Every line from the top of the records through the line containing "Carbon Fiber Interior" should be retyped exactly; the pictures should not.

↓↓↓

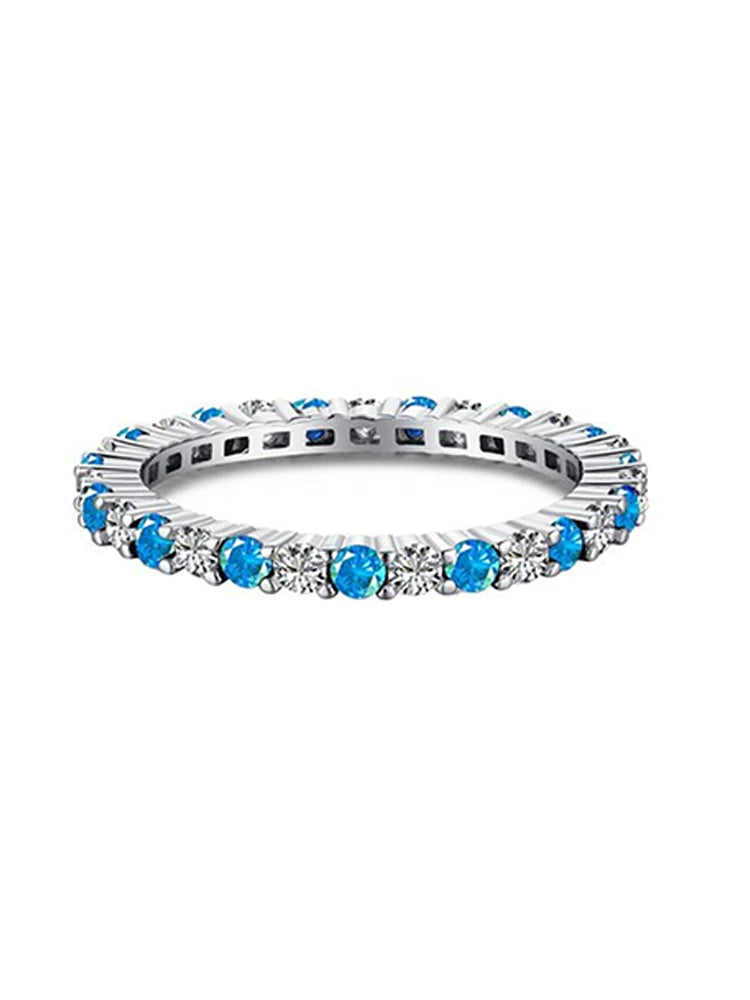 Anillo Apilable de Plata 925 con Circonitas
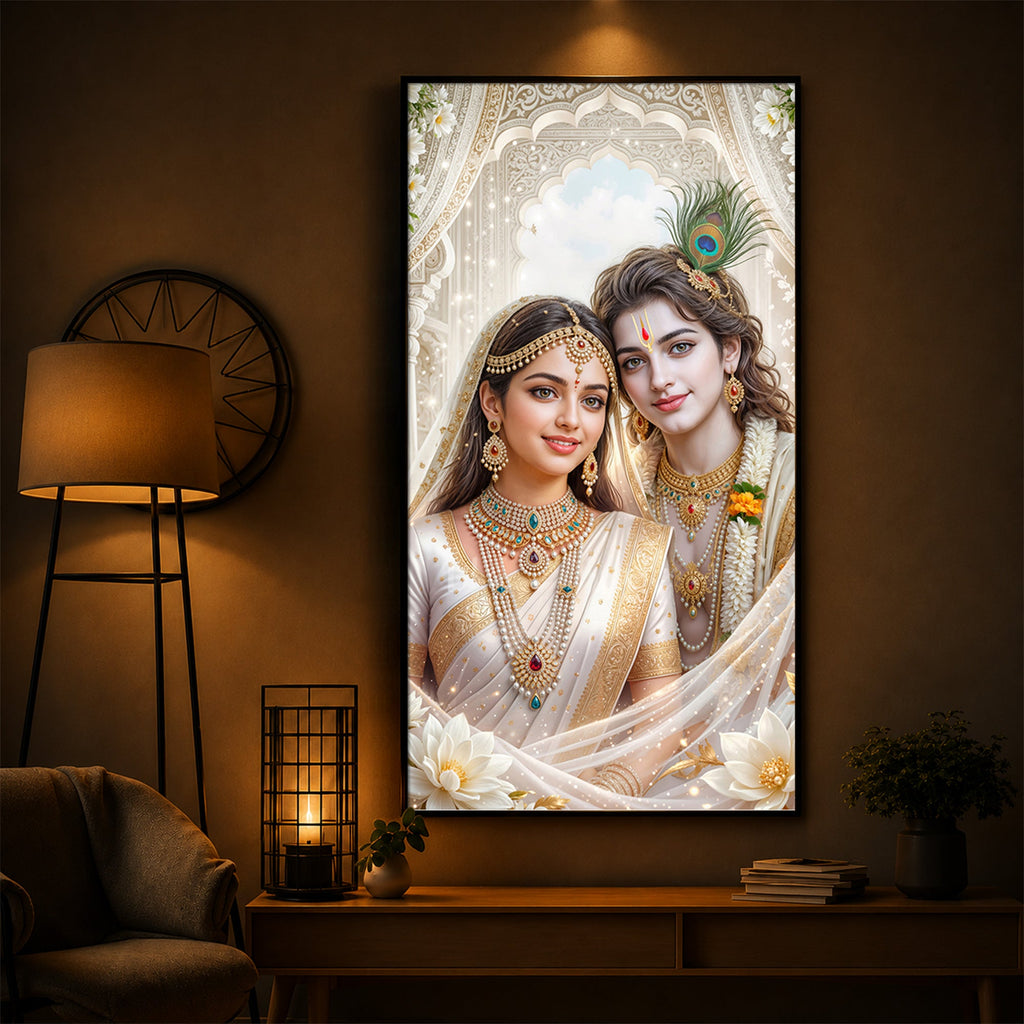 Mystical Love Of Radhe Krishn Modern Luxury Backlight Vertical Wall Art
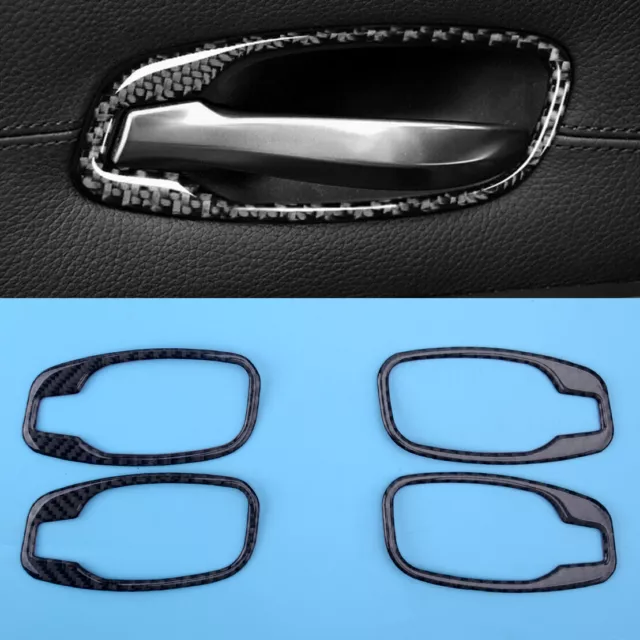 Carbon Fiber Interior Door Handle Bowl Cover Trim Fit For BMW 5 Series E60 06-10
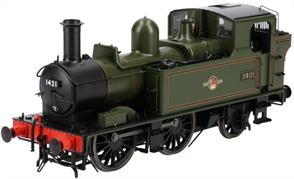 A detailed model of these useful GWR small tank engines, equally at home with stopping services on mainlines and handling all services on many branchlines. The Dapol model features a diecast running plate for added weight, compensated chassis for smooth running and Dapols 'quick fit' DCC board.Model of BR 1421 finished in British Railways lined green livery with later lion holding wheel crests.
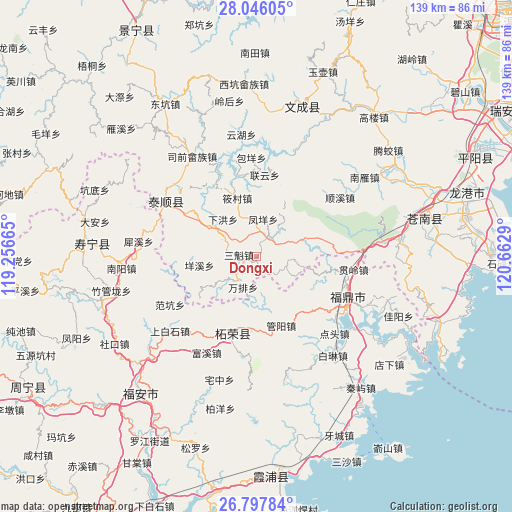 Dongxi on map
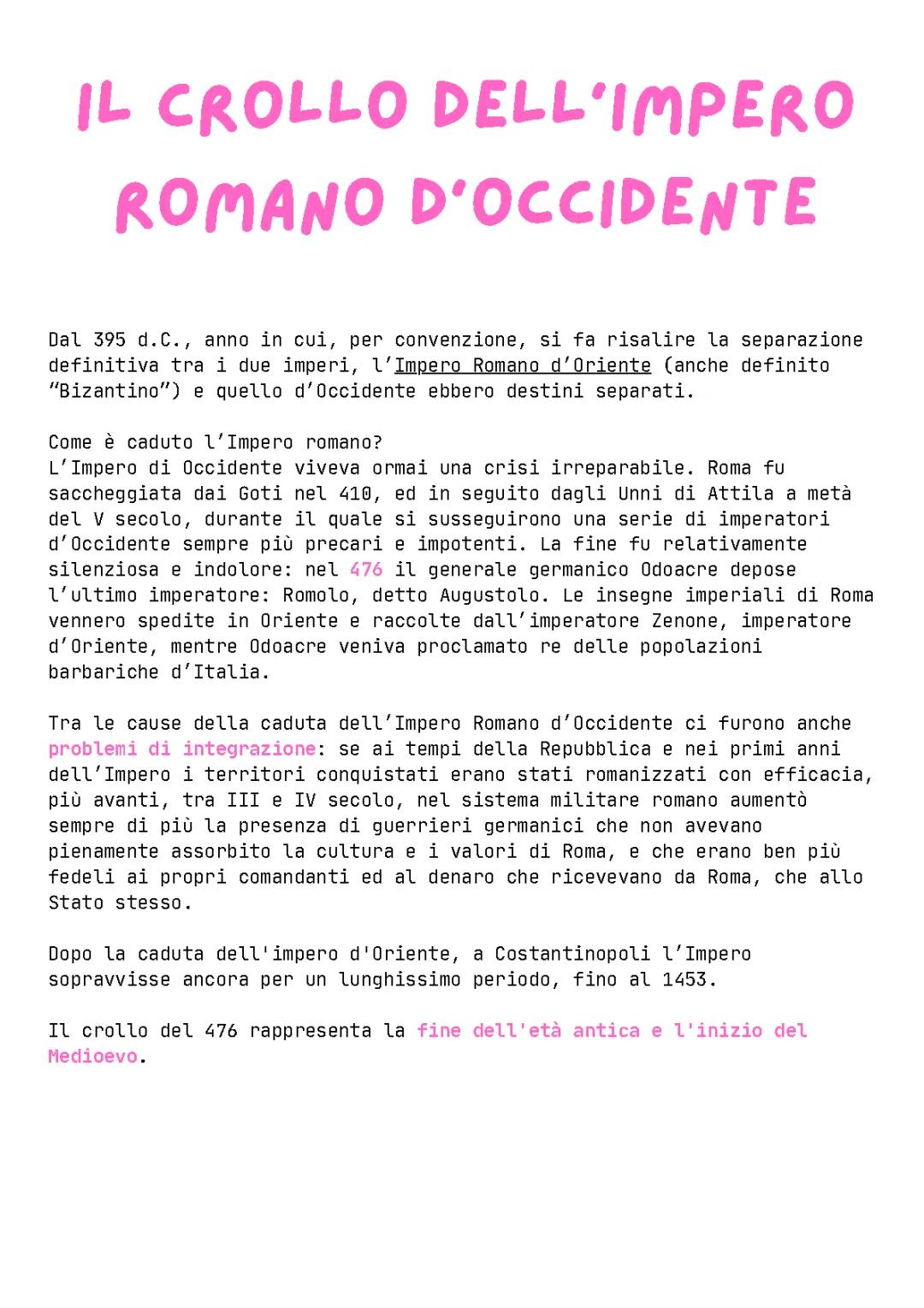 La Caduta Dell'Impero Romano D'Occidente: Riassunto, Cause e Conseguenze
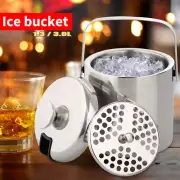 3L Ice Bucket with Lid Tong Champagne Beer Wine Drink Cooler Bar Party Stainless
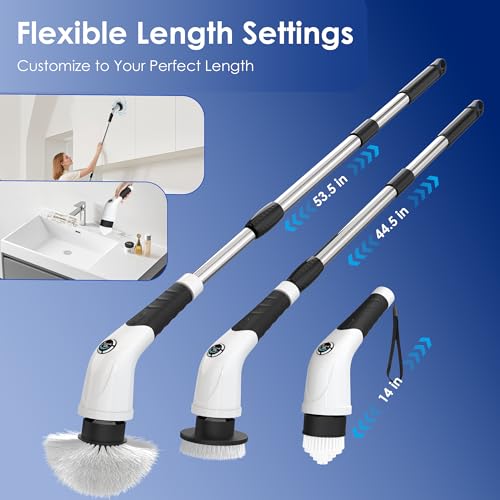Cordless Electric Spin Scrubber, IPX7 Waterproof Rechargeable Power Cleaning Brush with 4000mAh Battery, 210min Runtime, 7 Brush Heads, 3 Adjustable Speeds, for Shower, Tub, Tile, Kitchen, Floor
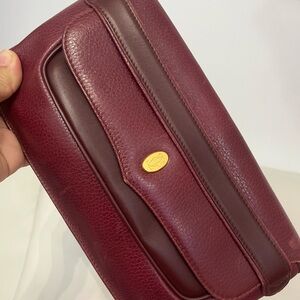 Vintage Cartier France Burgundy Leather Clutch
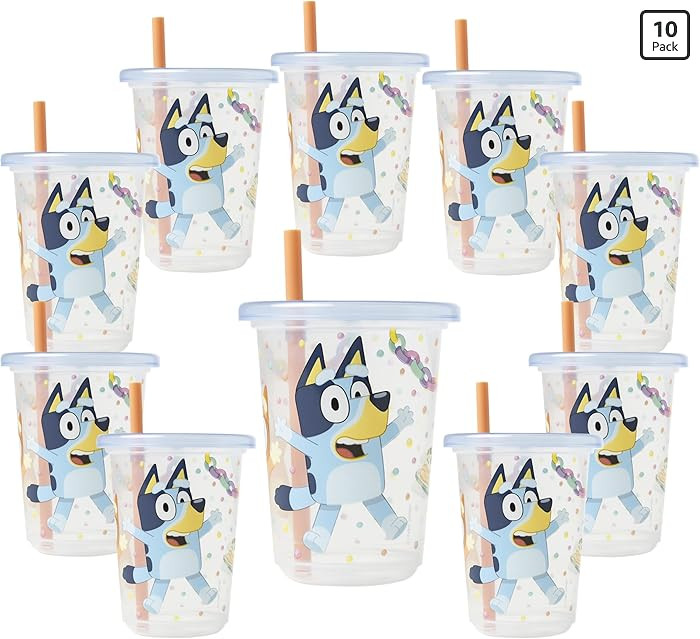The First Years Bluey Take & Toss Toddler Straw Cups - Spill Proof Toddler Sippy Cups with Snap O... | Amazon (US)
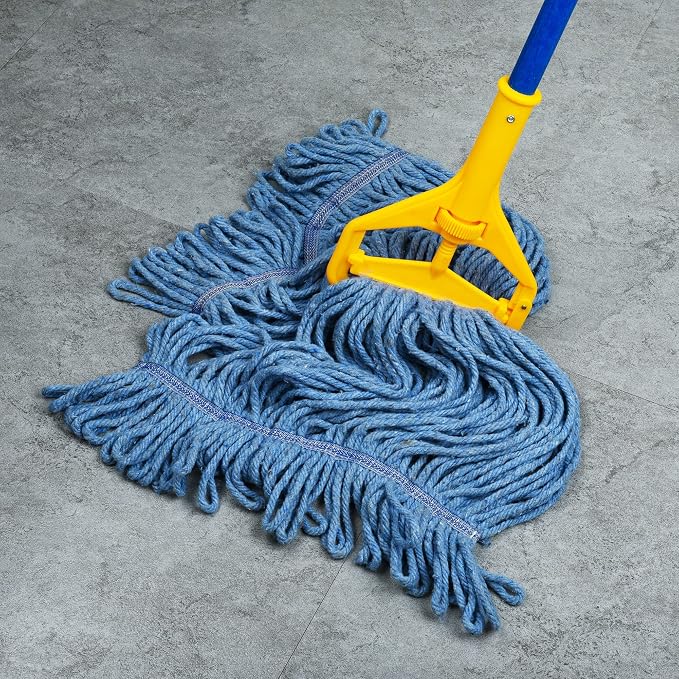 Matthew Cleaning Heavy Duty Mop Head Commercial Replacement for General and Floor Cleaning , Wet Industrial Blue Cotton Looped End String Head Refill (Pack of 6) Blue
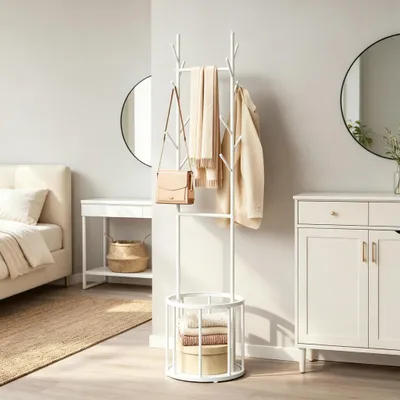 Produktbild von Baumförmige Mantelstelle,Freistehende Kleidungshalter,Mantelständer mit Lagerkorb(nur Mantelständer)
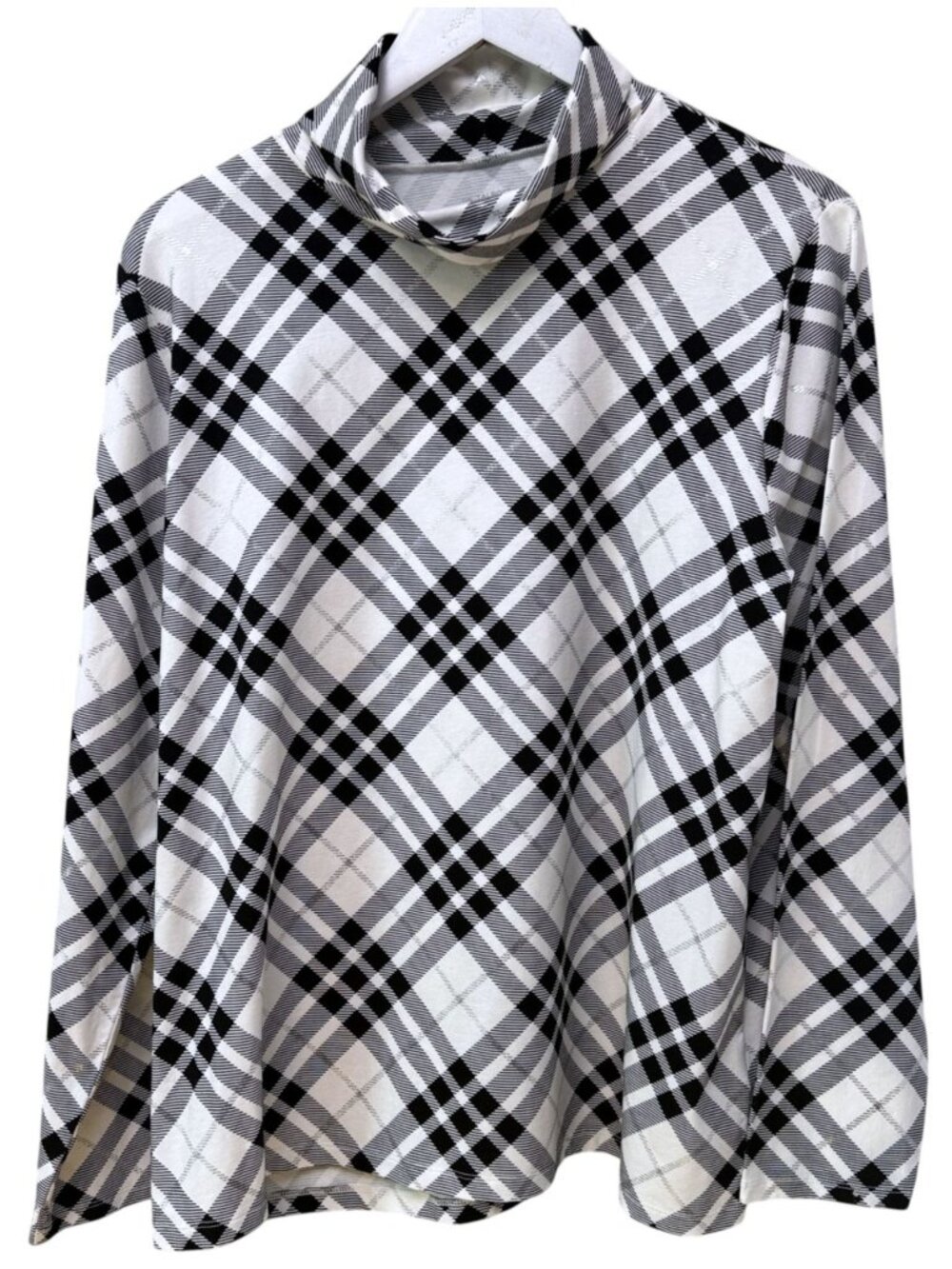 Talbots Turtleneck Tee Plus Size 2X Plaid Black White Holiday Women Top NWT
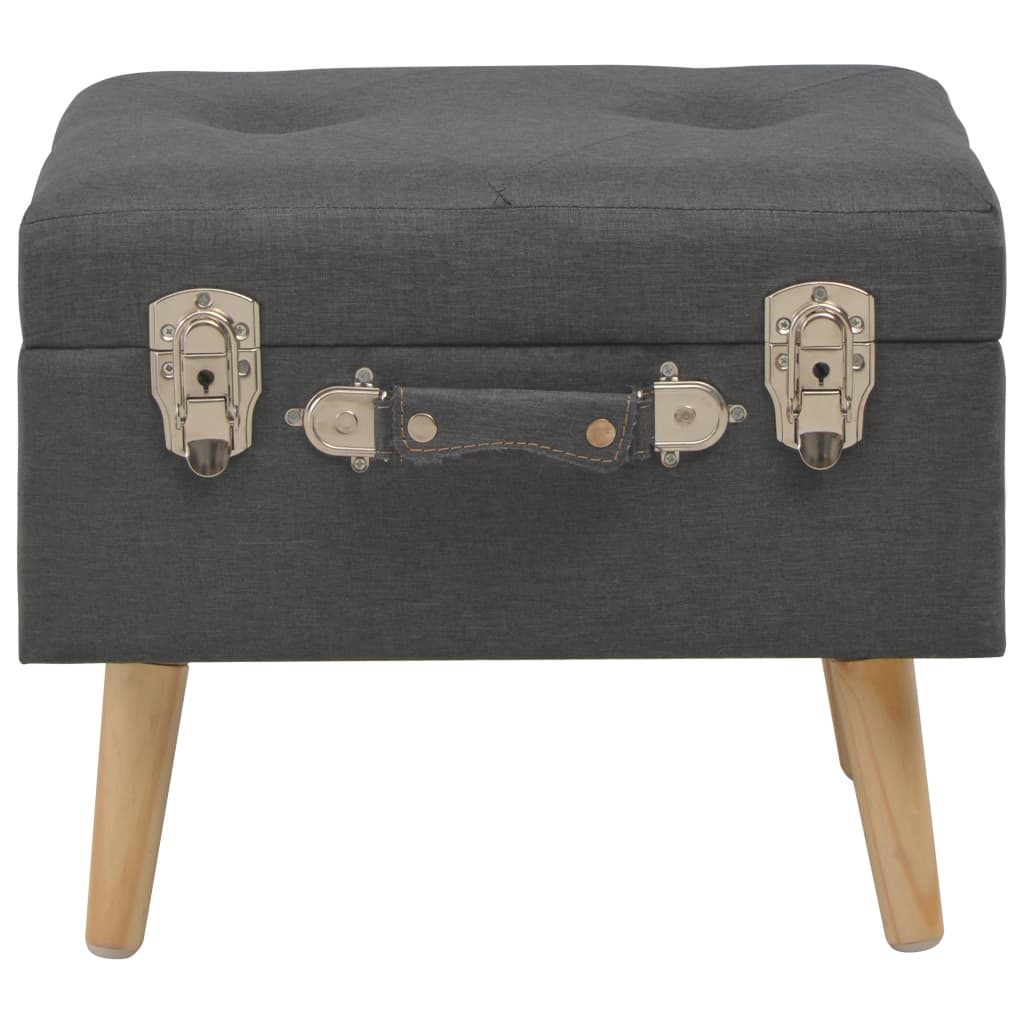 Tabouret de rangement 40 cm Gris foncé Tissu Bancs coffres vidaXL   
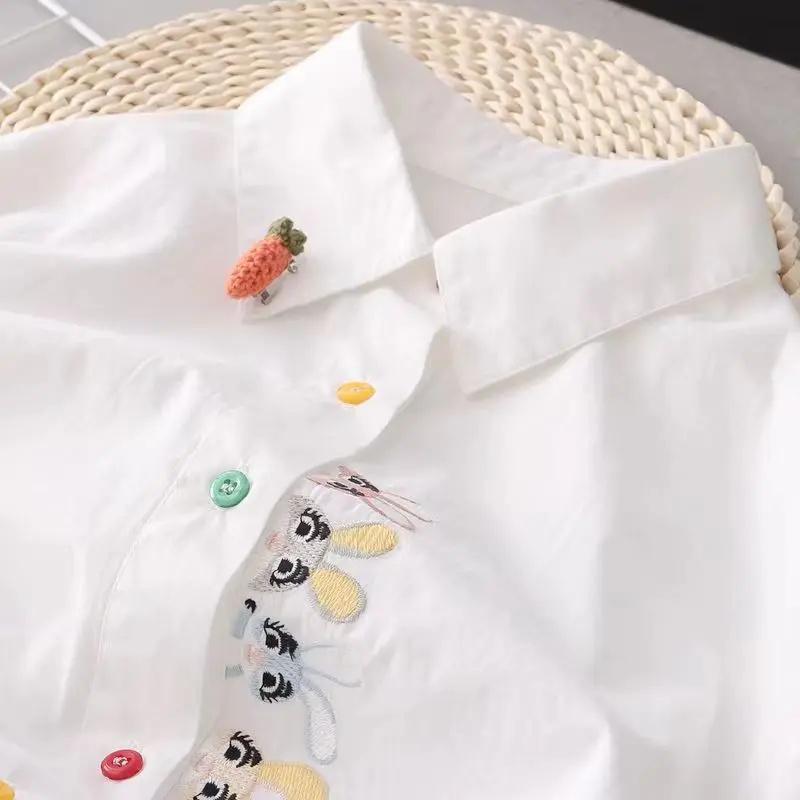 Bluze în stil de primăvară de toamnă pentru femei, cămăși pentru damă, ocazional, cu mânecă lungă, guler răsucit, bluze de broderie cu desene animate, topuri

↑↑↑

# Task solution:
 Anillo Apilable de Plata 925 con Circonitas
 Mystical Love Of Radhe Krishn Modern Luxury Backlight Vertical Wall Art
 Carbon Fiber Interior Door Handle Bowl Cover Trim Fit For BMW 5 Series E60 06-10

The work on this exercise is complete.